Work to be completed ::
Transcribe only the part of the material below that begins at the line containing "Lola Unlined Underwire" and ends at the line containing "Berkfield Home Beautiful", with both kept and images left out.

Input for this task ::
· · · ·

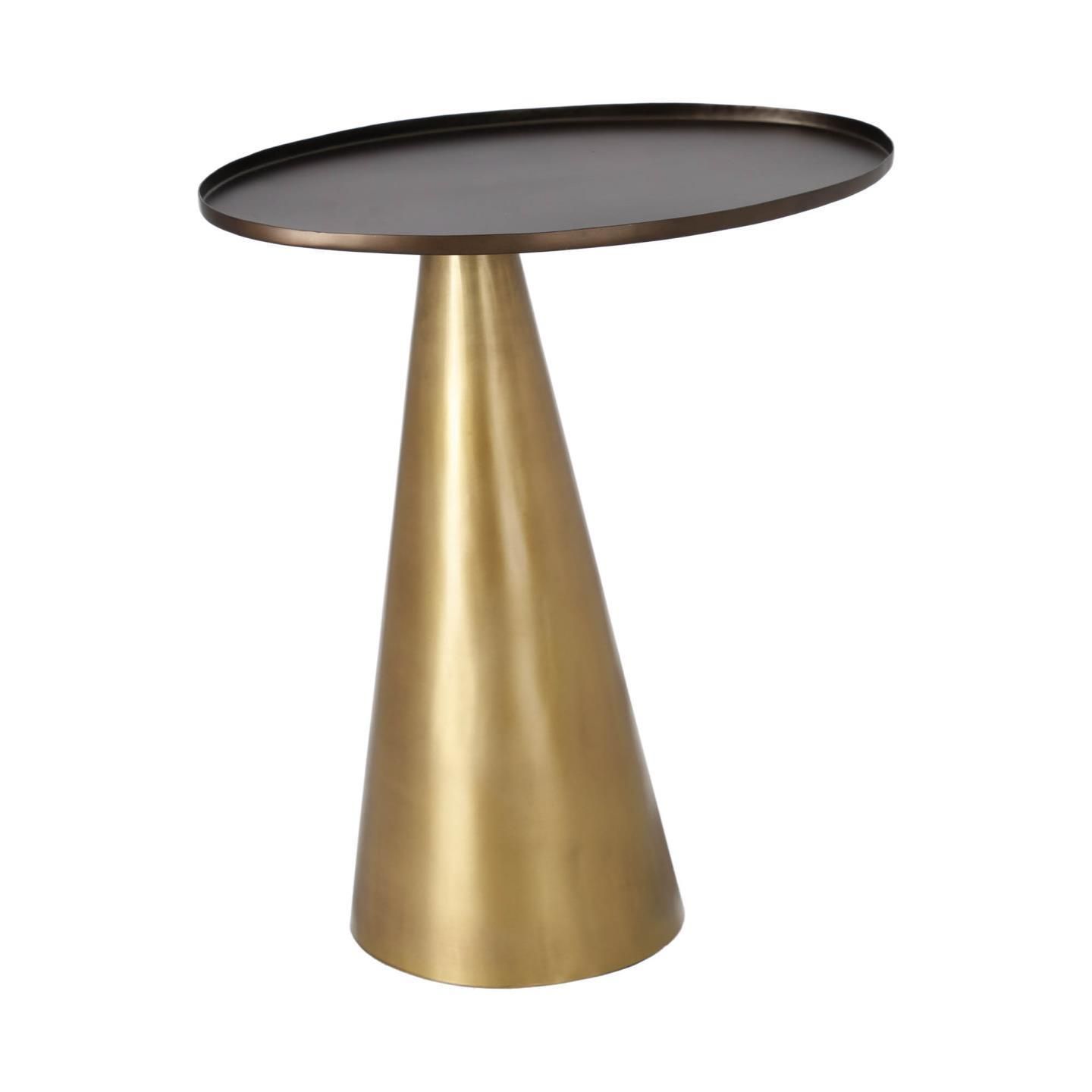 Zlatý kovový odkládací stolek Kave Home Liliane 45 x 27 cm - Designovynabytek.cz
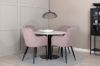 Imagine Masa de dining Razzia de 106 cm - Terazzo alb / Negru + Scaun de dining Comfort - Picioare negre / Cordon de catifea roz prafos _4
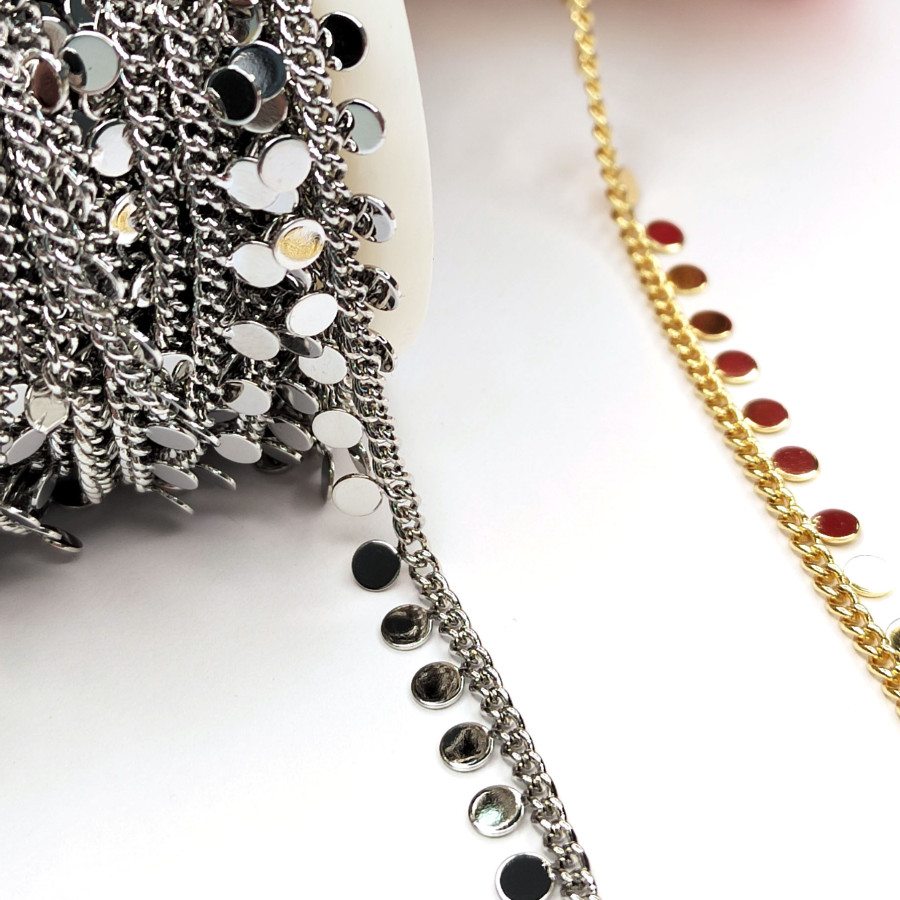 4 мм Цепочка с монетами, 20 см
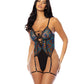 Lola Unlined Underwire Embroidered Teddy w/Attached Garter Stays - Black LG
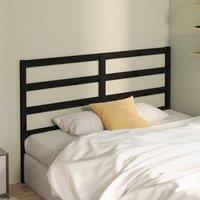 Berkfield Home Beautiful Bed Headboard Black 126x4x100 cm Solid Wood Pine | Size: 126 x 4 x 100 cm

· · · ·

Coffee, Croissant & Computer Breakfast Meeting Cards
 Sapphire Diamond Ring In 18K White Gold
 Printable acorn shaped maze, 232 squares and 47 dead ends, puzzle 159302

· · · ·

Task output ::
 Lola Unlined Underwire Embroidered Teddy w/Attached Garter Stays - Black LG
 Berkfield Home Beautiful Bed Headboard Black 126x4x100 cm Solid Wood Pine | Size: 126 x 4 x 100 cm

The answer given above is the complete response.